Spring fever is a difficult subject to write about since I am sitting in front of a warm fire trying to overcome the chill of a very cold Easter Sunday!  Mother Nature certainly played the ultimate April’s Fool joke on our state!

                Having survived fifty plus years of teaching students during their spring fever days, I have many emotions connected to this phrase.  Mostly, I think, “God, please help us to survive these last weeks of school since students and staff are beginning to suffer from spring fever.”   My husband and I have a small RV camper which we store on the school grounds where we can remind ourselves daily that we need to schedule some time away from the school and students.  He said our retirement years will pass quickly enough; thus, we must make time for rest and relaxation.  Well, we’ve used that camper maybe four times in the past year!  But he’s right…when you see your investment staring at you every day, you are prone to start scheduling some down time!
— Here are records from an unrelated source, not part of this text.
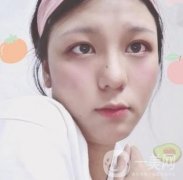 六盤水友好整形醫(yī)院價格表及雙眼皮術后果分享
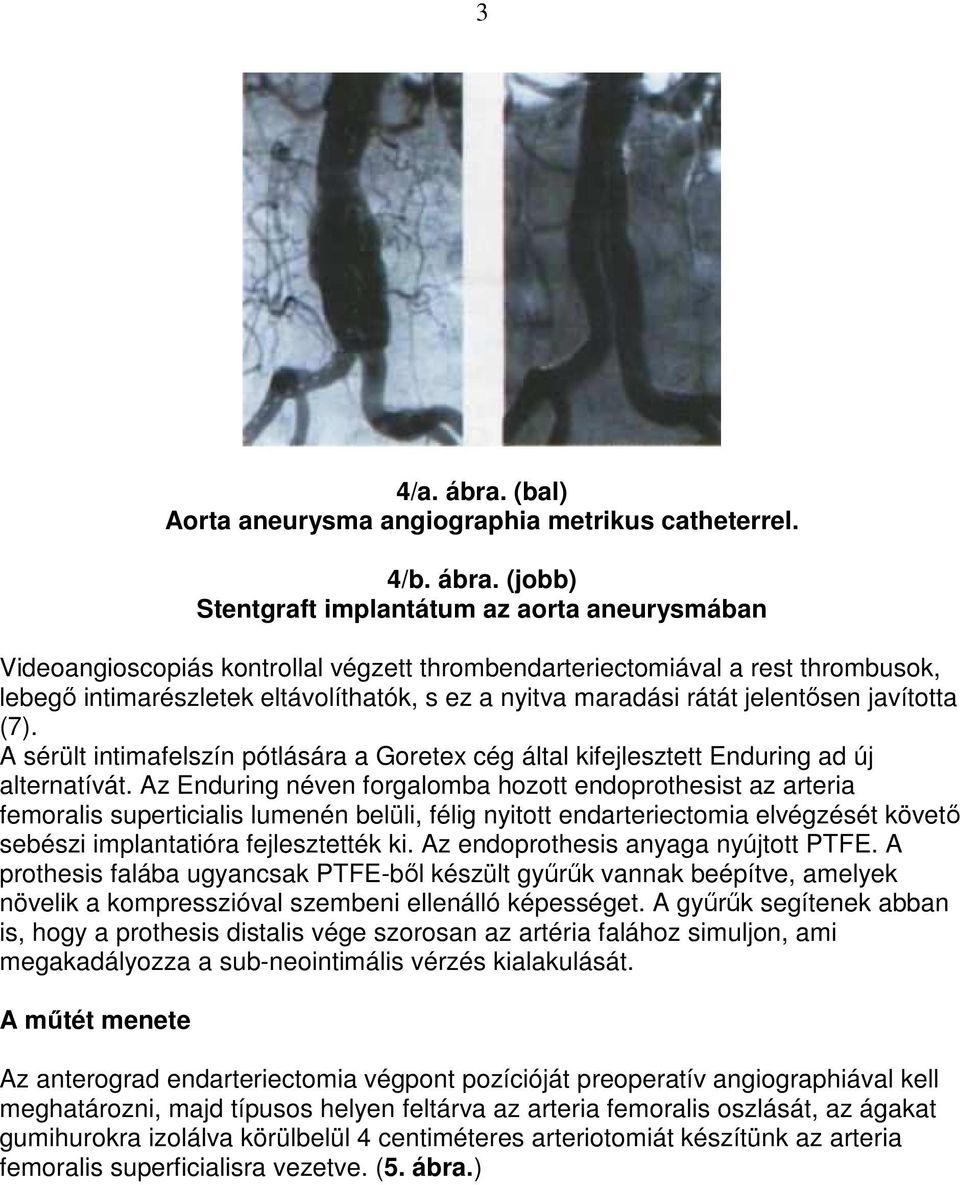 (jobb) Stentgraft implantátum az aorta aneurysmában Videoangioscopiás kontrollal végzett thrombendarteriectomiával a rest thrombusok, lebegı intimarészletek eltávolíthatók, s ez a nyitva maradási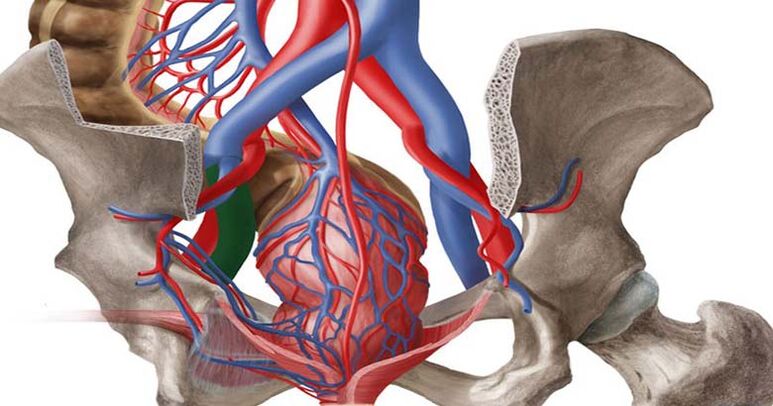 Pelvic varicose veins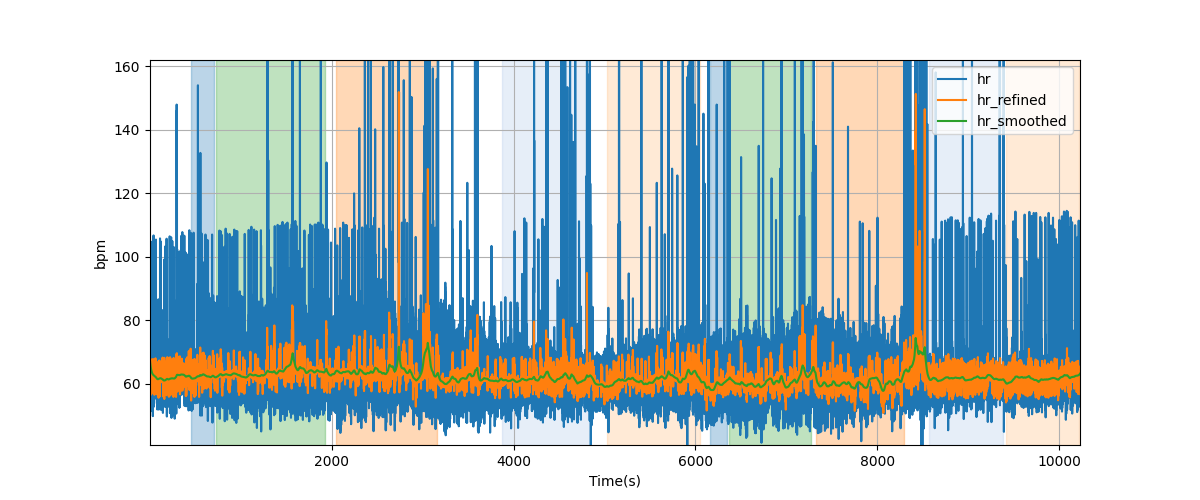 Heart rate - Overlay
                Perhaps the hardest part of trying to teach during the spring fever days is bringing about connectivity in the minds of our students.  The whole year is almost gone, much information and skill has been carefully packed into the learning hours.  Now, we must carefully tie a knot in the thread of learning to hold the string of knowledge together in such a meaningful way that students will be able to take a summer break and then come back to school, unknot the thread and add more information and skills to their continuous line of knowledge.  This is not an easy task!

                Thank goodness for yearly academic achievement tests.  These nationally normed tests allow us a glimpse at that thread of learning for each child.  We can make comparisons and draw conclusions about learner needs and then plan for them accordingly.  In a way, what we are doing at this time of the year is not unlike what the birds are doing outside.  We are preparing the nest for our children.  If we do a good job of analysis, preparation and planning for student growth each year, we shall produce a fine citizen for our country!   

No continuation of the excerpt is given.